A denied UA is hard-blocked (in mode: block):

curl -i http://shop.example.com/ -A 'sqlmap/1.7'
# HTTP/1.1 403 Forbidden <- bot.ua_deny

A crawler impersonation is hard-blocked (UA claims Googlebot from a non-Google IP):

curl -i http://shop.example.com/ -A 'Googlebot/2.1'
# HTTP/1.1 403 Forbidden <- bot.impersonation:googlebot

In mode: detect these appear in detections_total and findings_total{engine="bot"} instead.

Gotchas

warning

JA3/JA4 protection is useless unless Envoy supplies the fingerprint header — and strips client-supplied copies.

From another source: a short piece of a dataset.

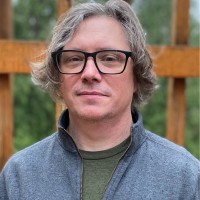 The Believer Company Employee Joe Morrissey's profile photo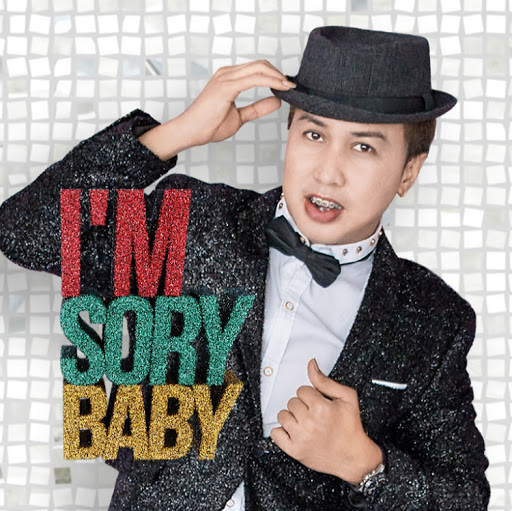 Fay Ray Photo 11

Without the Envoy side, the TLS layers silently no-op (no false blocks, but no protection either), and without stripping, the header is attacker-writable.

  • Verified-bot feeds are trusted files — whoever writes them could whitelist their own IP for an impersonated crawler UA. Treat feed distribution as part of your trust boundary.
  • A score layer with neither score_threshold > 0 nor emit_score: true is rejected at load — the score could never act.
  • Start in detect mode and size score_threshold from real traffic before enforcing — see Modes & Fail Postures.

Related engines: IP reputation, Rate limiting.